Hailing from the English industrial steel town of Sheffield, Palmer was raised by a couture dressmaker mother and a jazz-enthusiast father. Mum taught him to sew, and they would re-create Western outfits from John Wayne's The Alamo. The night before a 1967 Jimi Hendrix concert in Sheffield, a 15-year-old Palmer ventured to London to purchase an outfit: velvet jacket and pants, blue ruffled shirt and boots, completed by an Afro perm, in homage to Hendrix.

Attempting to enter the show venue through the front, he was told to use the rear instead. “They thought I was in the band!” Palmer says with a laugh. “This impressed the crap out of me — the fact that I could do this just by the way I was looking.”

Palmer moved to L.A. in 1975; it's not entirely clear why, though he mentions a dope habit and the birth of his first child (with Joe Cocker's former girlfriend). At Granny's, he sought to re-create the glam-rock apparel by hand instead of importing it, and later bought the store. But before long its style had become passé.

Still, Granny's exposed him to a wide range of musical celebrities, who would become his clients: John Mellencamp, Joe Walsh, Jeff Lynne, Rod Stewart, Ronnie Wood and Emerson, Lake and Palmer. At the Whisky A Go Go in 1976, Palmer met Petty, after he'd opened for Blondie. Petty's brand of Americana rock needed a costume to bring his anthems to life, and Palmer's vision of the rough-and-tumblin' type fit the bill: Western pockets, round lapels, multiple buttons, details like visible stitching around the border of a suit.

“People say that they can tell something looks very much like me,” Petty says. “Glen is probably one of the most truly rock & roll people I have ever met.” He laughs and adds: “We've been through a lot, he's been through tough times, but we're still cookin'.”

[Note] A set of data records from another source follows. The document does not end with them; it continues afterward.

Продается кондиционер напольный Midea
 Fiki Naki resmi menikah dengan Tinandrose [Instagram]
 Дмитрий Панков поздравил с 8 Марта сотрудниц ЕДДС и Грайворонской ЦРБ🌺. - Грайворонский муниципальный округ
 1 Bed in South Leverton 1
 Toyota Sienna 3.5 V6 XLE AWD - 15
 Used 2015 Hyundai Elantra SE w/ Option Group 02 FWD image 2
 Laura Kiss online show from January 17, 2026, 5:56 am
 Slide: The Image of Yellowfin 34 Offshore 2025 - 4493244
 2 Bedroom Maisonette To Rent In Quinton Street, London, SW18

Palmer is similarly vague when it comes to his drug-related incarceration, which ran from 1998 to 2001. Petty then extended an invitation to Palmer to live in his Malibu home and recuperate with his family. The two grew comfortable together, and a temporary situation became a permanent fix.

Palmer now works out of his living space; he's busy designing outfits for John Gilbert Getty of the Getty Trust, the Foo Fighters and Joe Walsh. He spends some of his time on the Malibu bar scene with his cronies, guitarist C.C. Adcock and guitarmaker James Trussart, and carousing with the occasional stripper is a favorite pastime. He clearly still gets his kicks in. But one gets the sense he pines for the bad old days.

“Rock & roll has almost become a dirty word,” he says, absentmindedly taking a drag from his cigarette. “It's like some dental assistant putting on some jeans, saying, 'Ooh, these are so rock & roll.' It meant something at one point; now it doesn't mean anything.”

It's hard not to empathize with him, as you don't have to be an old-timer to bemoan a scene that has gone from Hendrix guitar anthems to canned karaoke performed by perky American Idol candidates.

Indeed, Palmer is not some dangling vestige but rather a vestigial tail. The same day we stop hearing Hendrix's “Voo Doo Chile” coming out of speakers, one fears, is the day Palmer fades away.